Stationary distribution

Explanation

• distribution: the distribution of the state
• stationary: the long-run behavior
• summary: after the agent runs a long time following a policy, the probability that the agent is at any state can be described by this distribution.

Remarks:

• Stationary distribution is also called
  • steady-state distribution
  • limiting distribution
• It is critical to understand the value function method
• It is also important for the policy gradient method

Let $n_{\pi }(s)$ denote the number of times that $s$ has been visited in a very long episode generated by $\pi$. Then, $d_{\pi }(s)$ can be approximated by

$$d_{\pi }(s)\approx \frac{n_{\pi }(s)}{{\sum }_{s^{\prime }\in \mathcal{S}}{n}_{\pi }(s^{\prime })}$$

Example

还记得我们之前的Bellman Equation Matrix Form:

$$v_{\pi }=r_{\pi }+\gamma P_{\pi }{v}_{\pi }$$

其中$P_{\pi }=\pi @P_s$就是状态转移的概率矩阵，又由于我们假设可以用stationary distribution来描述关于各个state的分布，那么显然$d_{\pi }$是下面方程的一个解（分布不随状态转移而改变）：

$$d_{\pi }^T=d_{\pi }^T{P}_{\pi }$$

根据线性代数的知识我们显然知道此时$d_{\pi }$是（$P_{\pi }^T{d}_{\pi }=\lambda d_{\pi }$）$P_{\pi }^T$特征值$\lambda =1$时对应的特征向量。

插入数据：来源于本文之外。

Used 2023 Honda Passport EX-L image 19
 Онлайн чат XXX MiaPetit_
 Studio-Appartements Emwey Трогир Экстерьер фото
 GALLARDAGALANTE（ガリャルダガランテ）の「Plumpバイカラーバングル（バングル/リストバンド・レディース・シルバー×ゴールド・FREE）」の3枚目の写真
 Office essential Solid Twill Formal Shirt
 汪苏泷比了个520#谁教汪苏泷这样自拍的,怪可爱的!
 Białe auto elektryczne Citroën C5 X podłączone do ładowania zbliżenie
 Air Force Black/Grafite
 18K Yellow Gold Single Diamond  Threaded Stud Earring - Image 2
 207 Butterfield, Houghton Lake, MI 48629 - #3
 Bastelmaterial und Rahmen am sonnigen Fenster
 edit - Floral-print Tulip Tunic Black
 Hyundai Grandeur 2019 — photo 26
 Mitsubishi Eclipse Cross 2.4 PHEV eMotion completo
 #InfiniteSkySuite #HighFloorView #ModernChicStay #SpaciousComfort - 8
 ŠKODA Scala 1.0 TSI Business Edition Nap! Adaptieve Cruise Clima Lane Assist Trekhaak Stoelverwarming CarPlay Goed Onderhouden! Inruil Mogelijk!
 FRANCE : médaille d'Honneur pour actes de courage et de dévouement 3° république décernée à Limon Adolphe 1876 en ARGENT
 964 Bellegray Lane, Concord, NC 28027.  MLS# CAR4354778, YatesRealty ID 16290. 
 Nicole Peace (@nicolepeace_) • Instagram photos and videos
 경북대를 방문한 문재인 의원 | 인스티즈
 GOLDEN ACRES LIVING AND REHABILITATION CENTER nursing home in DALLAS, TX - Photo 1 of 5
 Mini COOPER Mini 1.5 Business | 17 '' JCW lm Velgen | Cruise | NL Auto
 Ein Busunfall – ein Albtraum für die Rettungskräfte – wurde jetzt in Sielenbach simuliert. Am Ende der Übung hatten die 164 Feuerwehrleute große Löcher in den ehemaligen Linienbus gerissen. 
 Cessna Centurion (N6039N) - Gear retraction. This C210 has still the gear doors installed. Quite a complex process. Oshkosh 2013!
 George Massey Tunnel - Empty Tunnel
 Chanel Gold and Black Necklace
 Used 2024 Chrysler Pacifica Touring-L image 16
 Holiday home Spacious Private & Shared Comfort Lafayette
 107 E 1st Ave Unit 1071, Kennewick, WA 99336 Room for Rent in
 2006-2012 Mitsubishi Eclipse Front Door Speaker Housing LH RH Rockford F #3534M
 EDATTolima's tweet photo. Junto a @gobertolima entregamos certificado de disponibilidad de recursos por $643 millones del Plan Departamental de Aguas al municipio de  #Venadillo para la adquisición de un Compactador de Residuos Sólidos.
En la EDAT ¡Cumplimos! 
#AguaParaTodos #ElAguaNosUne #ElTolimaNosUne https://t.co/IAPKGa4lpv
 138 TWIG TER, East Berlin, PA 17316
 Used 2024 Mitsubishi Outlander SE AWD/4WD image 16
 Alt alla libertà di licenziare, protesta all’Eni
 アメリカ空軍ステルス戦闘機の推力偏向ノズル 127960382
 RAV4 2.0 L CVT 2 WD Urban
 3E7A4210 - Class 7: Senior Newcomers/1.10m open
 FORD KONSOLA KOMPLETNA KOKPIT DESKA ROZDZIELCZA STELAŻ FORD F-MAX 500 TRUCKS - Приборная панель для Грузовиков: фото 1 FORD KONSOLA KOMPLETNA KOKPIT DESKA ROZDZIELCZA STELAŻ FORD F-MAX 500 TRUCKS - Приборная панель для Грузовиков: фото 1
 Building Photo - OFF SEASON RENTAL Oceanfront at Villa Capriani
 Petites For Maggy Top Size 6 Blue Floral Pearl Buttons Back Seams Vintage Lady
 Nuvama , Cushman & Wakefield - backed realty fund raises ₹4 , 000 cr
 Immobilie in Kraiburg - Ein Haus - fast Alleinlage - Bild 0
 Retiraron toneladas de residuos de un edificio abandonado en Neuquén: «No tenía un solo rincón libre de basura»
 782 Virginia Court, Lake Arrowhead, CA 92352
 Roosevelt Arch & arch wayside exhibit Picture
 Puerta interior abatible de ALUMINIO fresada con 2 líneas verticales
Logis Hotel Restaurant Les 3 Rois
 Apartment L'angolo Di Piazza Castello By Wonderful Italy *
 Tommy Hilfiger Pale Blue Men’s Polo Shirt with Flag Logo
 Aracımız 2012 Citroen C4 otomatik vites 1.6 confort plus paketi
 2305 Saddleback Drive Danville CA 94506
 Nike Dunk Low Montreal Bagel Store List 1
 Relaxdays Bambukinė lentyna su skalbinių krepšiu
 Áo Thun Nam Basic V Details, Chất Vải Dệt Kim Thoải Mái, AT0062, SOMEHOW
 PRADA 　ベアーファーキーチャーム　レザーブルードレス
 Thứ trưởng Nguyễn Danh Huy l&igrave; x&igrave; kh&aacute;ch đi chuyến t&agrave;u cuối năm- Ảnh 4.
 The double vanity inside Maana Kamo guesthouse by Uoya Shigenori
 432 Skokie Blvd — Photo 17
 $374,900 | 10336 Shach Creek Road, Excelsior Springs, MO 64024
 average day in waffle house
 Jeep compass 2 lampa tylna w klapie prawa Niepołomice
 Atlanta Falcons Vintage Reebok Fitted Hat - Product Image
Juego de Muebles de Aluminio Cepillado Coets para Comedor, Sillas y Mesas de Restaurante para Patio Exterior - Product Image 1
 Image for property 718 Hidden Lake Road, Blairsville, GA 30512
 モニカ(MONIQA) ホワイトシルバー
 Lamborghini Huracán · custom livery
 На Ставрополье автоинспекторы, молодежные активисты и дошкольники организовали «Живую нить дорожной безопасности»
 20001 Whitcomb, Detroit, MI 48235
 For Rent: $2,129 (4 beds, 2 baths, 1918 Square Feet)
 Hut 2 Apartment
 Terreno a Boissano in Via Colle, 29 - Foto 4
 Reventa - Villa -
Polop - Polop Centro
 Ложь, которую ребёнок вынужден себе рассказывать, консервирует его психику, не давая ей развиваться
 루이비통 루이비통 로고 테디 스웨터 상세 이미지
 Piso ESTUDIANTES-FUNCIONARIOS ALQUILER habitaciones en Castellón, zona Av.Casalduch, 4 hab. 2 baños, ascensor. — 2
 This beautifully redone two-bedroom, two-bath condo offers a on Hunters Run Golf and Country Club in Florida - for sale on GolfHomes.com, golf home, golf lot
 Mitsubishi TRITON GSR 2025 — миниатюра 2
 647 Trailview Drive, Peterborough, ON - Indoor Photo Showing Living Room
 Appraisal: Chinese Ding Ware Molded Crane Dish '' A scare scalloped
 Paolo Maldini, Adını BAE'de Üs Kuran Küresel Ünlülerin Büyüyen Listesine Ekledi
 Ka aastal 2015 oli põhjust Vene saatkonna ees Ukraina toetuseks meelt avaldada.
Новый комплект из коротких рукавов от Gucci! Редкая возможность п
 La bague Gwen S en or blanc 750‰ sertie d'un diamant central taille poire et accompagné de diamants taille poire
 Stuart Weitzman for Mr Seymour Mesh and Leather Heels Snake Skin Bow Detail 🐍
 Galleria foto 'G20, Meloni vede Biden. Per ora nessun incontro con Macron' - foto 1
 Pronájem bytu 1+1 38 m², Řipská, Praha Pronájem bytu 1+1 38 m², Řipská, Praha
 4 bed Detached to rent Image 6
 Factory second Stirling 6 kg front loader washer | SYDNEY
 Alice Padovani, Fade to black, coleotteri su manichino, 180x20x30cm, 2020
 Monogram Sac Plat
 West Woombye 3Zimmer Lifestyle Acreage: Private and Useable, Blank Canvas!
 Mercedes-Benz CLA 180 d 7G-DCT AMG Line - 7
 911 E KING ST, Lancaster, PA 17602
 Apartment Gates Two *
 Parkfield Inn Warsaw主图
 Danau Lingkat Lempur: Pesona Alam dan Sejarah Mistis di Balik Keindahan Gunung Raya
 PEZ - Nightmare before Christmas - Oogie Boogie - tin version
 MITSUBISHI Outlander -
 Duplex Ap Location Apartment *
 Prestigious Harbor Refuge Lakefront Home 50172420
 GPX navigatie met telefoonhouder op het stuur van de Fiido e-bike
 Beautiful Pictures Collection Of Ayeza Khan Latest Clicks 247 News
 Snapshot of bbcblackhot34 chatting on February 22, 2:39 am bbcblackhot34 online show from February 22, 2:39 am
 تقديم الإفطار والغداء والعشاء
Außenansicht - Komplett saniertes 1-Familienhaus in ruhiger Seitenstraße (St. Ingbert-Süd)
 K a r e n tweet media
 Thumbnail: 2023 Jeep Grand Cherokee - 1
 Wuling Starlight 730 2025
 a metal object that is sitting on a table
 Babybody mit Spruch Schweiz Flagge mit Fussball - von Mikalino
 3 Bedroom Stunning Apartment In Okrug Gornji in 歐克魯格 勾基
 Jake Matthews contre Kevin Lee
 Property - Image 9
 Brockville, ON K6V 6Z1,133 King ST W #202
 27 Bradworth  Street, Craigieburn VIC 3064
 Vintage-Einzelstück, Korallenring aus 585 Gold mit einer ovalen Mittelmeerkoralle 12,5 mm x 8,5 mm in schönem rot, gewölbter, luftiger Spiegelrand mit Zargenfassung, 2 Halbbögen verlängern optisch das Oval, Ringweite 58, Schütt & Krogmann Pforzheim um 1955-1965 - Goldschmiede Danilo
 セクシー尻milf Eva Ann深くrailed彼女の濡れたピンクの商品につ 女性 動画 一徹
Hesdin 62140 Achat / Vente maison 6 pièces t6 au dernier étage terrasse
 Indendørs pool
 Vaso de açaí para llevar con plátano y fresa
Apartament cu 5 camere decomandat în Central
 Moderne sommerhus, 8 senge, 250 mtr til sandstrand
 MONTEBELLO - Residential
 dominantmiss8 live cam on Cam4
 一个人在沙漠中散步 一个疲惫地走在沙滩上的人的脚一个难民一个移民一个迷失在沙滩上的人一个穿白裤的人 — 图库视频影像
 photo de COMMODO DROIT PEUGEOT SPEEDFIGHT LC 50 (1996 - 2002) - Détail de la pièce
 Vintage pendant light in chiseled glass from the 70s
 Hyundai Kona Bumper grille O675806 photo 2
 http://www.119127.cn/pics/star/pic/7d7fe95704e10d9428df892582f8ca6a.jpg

复习线代：Eigenvalues(特征值) and Eigenvectors(特征向量)

假设A是square matrix，$A\in {\mathbb{R}}^{n\times n}$， 如果存在$Ax=\lambda x$，那么$\lambda$就是A的特征值，$x$就是A的特征向量；简单理解就是A经过特征分解之后我们就可以得到n个特征向量，矩阵对于该特征向量而言就是伸缩作用，伸缩的倍数就是特征值$\lambda$；要解方程也比较简单，解$\det (A-\lambda I)=0$即可；（当然也可以通过程序的方法来迭代解）

比如$P_{\pi }$为

$$P_{\pi }=\left[\begin{array}{cccc}0.3& 0.1& 0.6& 0\\ 0.1& 0.3& 0& 0.6\\ 0.1& 0& 0.3& 0.6\\ 0& 0.1& 0.1& 0.8\end{array}\right]$$

可以解得（过程见Appendix的代码）

$$d_{\pi }^T=\left[\begin{array}{cccc}0.0345,& 0.1084,& 0.1330,& 0.7241\end{array}\right]$$

Appendix

上述例子代码

# File: eigenvalue.py
import numpy as np
 
def method_eigen(P_pi: np.ndarray):
    # to solve the problem, we need to find the eigenvalue of P_pi
    eigenvalues, eigenvectors = np.linalg.eig(P_pi.T)
 
    # find the eigenvector corresponding to the eigenvalue 1 (\lambda = 1)
    for i in range(len(eigenvalues)):
        if np.isclose(eigenvalues[i], 1):
            d_pi = eigenvectors[:, i].real
            break
 
    # norm to sum 1
    d_pi = d_pi / d_pi.sum()
    return d_pi
 
def method_iter(P_pi: np.ndarray):
    d_pi = np.array([0.25, 0.25, 0.25, 0.25])
    for i in range(30):
        d_pi_new = d_pi @ P_pi
        d_pi = d_pi_new
 
    d_pi = d_pi / d_pi.sum()
    return d_pi
 
if __name__ == "__main__":
    P_pi = np.array([
        [0.3, 0.1, 0.6, 0],
        [0.1, 0.3, 0, 0.6],
        [0.1, 0, 0.3, 0.6],
        [0, 0.1, 0.1, 0.8]
    ])
 
    # to solve d_pi.T = d_pi.T @ P_pi
 
    d_pi1 = method_eigen(P_pi)
    print(d_pi1)
 
    d_pi2 = method_iter(P_pi)
    print(d_pi2)
 
    if np.allclose(d_pi1, d_pi2):
        print('Both methods give the same result')
    else:
        print('The results are different')

python eigenvalue.py

Terminal output:

[0.03448276 0.10837438 0.13300493 0.72413793]
[0.03448276 0.10837438 0.13300493 0.72413793]
Both methods give the same result